His comments came as several hearings were held in the High Court today over so-called gagging orders banning reporting of the activities, behaviour or private behaviour of various public figures.



Clifford is representing Imogen Thomas - a former Big Brother contestant whose alleged affair with a married Premier League star is the subject of a gagging order.



Despite making his living from helping celebrities avoid adverse publicity, Clifford deplored their ability to pay their way out of scandal in a way that "ordinary people" could not.



"The privacy of the rich and famous seems to be exactly what the courts are determined to achieve," he said.



"What we've got in this country now is a privacy law that wasn't brought in by Parliament but the judges have decided what they want and that's what they've achieved.

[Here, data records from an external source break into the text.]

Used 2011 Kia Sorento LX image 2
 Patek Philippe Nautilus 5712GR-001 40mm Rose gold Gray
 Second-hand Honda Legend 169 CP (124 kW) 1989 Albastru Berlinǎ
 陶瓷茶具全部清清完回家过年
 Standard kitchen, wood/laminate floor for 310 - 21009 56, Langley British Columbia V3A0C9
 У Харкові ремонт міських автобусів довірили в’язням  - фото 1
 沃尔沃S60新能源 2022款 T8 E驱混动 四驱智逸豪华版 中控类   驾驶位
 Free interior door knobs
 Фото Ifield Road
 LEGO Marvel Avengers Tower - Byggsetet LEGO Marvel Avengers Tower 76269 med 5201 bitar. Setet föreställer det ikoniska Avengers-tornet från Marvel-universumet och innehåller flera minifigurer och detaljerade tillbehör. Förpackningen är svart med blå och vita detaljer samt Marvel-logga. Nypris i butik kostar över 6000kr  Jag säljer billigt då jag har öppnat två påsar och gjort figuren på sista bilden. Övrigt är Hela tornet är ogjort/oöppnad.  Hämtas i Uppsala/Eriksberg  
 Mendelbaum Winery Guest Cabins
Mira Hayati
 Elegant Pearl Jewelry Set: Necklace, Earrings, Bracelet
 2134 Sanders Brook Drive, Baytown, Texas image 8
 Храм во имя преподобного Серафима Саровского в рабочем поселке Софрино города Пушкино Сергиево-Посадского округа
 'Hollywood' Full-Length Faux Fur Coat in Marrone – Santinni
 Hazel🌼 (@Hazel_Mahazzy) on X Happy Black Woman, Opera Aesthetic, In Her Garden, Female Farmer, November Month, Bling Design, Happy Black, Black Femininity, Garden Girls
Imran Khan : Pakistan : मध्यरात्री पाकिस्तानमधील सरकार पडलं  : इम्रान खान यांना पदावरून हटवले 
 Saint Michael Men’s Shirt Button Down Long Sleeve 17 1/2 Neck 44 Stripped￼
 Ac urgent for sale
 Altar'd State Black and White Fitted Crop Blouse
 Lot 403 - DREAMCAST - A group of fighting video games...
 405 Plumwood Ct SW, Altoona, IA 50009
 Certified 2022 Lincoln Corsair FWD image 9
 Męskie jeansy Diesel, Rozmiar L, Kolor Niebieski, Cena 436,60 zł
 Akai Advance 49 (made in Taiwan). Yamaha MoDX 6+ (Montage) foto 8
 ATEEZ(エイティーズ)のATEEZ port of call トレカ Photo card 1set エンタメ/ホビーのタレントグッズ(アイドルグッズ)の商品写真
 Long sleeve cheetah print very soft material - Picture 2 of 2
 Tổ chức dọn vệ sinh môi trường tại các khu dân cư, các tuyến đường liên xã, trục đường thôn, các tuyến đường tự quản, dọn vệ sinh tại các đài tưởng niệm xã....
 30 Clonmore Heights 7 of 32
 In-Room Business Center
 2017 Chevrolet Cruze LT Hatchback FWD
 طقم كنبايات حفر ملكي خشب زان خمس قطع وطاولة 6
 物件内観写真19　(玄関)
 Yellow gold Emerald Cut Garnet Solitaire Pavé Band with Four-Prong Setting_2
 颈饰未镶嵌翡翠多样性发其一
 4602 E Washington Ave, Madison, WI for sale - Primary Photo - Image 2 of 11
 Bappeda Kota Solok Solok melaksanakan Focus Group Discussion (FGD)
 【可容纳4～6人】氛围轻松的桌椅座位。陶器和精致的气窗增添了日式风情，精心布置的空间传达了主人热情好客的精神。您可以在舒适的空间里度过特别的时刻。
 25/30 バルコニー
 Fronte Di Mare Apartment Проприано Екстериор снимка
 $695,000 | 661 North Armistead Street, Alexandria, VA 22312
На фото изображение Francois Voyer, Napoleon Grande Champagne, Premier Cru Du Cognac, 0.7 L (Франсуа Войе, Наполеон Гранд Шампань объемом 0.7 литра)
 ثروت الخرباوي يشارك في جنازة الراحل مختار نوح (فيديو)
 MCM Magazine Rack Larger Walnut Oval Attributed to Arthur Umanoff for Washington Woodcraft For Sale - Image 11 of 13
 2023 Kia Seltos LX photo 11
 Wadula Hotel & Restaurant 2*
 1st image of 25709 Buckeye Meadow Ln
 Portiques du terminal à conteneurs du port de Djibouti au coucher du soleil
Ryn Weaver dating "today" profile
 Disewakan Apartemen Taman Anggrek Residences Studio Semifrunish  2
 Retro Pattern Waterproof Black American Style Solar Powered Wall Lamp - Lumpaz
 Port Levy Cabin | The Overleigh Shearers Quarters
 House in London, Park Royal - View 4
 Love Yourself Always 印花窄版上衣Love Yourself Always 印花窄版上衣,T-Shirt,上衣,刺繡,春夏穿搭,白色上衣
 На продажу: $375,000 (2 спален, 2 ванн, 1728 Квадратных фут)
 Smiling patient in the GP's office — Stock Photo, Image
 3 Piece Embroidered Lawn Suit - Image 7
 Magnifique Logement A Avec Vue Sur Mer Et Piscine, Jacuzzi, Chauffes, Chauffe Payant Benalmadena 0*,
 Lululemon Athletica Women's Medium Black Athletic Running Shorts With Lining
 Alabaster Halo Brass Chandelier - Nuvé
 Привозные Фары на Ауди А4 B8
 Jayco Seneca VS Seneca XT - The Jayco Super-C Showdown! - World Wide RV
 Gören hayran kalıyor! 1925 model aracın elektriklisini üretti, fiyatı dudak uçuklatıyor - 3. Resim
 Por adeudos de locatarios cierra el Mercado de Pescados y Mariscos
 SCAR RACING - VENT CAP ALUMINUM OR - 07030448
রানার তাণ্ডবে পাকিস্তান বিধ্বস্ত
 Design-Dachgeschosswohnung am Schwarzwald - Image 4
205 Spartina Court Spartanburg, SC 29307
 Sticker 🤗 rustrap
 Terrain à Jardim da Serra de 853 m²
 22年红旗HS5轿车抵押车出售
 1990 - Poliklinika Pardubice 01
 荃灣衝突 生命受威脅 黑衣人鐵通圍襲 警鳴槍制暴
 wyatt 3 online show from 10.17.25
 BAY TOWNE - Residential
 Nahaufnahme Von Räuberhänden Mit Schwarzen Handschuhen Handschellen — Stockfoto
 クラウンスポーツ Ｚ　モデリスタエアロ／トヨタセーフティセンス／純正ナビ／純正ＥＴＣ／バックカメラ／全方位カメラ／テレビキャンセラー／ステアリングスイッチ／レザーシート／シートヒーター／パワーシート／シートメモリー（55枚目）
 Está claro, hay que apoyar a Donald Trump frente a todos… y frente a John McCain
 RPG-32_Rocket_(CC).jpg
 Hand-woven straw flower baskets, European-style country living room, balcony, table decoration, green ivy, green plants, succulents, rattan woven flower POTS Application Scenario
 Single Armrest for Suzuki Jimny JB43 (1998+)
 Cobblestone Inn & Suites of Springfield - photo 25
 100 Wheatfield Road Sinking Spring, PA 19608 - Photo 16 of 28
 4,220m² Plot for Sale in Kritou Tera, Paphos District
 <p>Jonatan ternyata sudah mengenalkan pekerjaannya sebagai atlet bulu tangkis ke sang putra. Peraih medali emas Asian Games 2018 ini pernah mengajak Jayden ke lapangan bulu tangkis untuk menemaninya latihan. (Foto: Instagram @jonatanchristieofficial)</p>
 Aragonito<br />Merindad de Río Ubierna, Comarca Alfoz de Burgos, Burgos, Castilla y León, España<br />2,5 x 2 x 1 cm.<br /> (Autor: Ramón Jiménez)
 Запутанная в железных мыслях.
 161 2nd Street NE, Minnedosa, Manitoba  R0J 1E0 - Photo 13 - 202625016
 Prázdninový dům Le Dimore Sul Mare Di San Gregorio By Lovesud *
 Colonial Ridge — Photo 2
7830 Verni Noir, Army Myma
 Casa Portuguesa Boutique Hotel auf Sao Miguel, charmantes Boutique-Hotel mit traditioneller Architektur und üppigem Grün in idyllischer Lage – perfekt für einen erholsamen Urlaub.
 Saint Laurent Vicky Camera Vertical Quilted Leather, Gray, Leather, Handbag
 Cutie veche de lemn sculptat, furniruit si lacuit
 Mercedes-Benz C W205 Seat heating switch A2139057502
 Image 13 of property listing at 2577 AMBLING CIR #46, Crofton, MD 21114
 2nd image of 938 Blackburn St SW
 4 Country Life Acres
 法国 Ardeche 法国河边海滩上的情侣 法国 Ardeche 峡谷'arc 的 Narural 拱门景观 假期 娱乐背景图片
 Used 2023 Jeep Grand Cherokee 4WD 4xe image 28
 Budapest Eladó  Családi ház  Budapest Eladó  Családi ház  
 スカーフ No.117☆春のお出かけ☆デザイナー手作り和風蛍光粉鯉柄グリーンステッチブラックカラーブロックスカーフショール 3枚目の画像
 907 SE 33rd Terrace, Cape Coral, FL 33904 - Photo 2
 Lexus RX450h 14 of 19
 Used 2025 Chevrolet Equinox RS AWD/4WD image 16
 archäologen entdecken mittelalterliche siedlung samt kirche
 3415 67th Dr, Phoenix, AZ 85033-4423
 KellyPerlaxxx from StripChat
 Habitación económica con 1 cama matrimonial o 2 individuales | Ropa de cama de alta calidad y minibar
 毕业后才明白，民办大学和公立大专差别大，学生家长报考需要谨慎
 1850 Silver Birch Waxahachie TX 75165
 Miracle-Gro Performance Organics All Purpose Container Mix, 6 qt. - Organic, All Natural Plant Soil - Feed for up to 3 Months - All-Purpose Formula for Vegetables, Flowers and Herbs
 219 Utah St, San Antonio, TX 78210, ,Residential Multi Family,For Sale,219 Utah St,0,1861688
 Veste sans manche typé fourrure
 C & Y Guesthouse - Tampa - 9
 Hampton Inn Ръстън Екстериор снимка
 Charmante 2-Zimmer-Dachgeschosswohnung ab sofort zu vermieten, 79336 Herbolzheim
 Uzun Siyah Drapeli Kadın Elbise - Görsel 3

"Sometimes the privacy of the rich and famous - or anyone - does deserve to be protected but only the rich can afford this so it's purely a law to protect the rich and in a democracy that's not right."



Speaking at his Surrey home this afternoon, he told how the nature of his damage limitation work has changed in recent years.



To stop negative stories coming out in the past he worked with the papers and gave them an alternative story to run, he said.



"Now all I've done is pick up the phone to the lawyer and (the client) has spent £30,000, £40,000, £50,000 and got an injunction," he said.



This made his job simpler, he admitted, although he disagreed with the practice.



Newspapers, struggling financially and fighting for survival, were likely to put great pressure on politicians to make injunctions a thing of the past, he predicted.



"The secrets of the rich and famous sell papers," he said.



Ms Thomas felt betrayed and let down by the injunction brought by the footballer, which meant her identity can be revealed but his cannot, he added.



She never had any intention to kiss and tell, he insisted, adding: "She genuinely was in love with him and she genuinely believed he was in love with her."